About this exercise:
Begin at the line containing "marine knot on" and copy each line exactly through the end of the records, leaving out what comes before.

Supplied material:
-- Opening Marker --
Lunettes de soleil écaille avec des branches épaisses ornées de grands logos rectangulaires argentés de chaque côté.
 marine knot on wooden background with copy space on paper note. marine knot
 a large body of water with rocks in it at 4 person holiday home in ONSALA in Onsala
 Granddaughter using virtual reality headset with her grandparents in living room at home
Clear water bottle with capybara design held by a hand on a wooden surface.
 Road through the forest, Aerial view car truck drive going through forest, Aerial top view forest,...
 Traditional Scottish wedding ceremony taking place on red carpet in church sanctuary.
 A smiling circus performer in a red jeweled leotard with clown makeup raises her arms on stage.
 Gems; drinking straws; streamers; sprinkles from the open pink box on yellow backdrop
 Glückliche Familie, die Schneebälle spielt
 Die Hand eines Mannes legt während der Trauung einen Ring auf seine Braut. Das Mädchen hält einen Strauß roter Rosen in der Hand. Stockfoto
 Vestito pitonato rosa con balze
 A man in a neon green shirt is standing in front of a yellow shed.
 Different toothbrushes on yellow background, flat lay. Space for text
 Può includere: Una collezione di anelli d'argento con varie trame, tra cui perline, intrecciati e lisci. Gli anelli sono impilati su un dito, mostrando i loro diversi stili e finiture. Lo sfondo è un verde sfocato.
-- Closing Marker --
Task response:
 marine knot on wooden background with copy space on paper note. marine knot
 a large body of water with rocks in it at 4 person holiday home in ONSALA in Onsala
 Granddaughter using virtual reality headset with her grandparents in living room at home
Clear water bottle with capybara design held by a hand on a wooden surface.
 Road through the forest, Aerial view car truck drive going through forest, Aerial top view forest,...
 Traditional Scottish wedding ceremony taking place on red carpet in church sanctuary.
 A smiling circus performer in a red jeweled leotard with clown makeup raises her arms on stage.
 Gems; drinking straws; streamers; sprinkles from the open pink box on yellow backdrop
 Glückliche Familie, die Schneebälle spielt
 Die Hand eines Mannes legt während der Trauung einen Ring auf seine Braut. Das Mädchen hält einen Strauß roter Rosen in der Hand. Stockfoto
 Vestito pitonato rosa con balze
 A man in a neon green shirt is standing in front of a yellow shed.
 Different toothbrushes on yellow background, flat lay. Space for text
 Può includere: Una collezione di anelli d'argento con varie trame, tra cui perline, intrecciati e lisci. Gli anelli sono impilati su un dito, mostrando i loro diversi stili e finiture. Lo sfondo è un verde sfocato.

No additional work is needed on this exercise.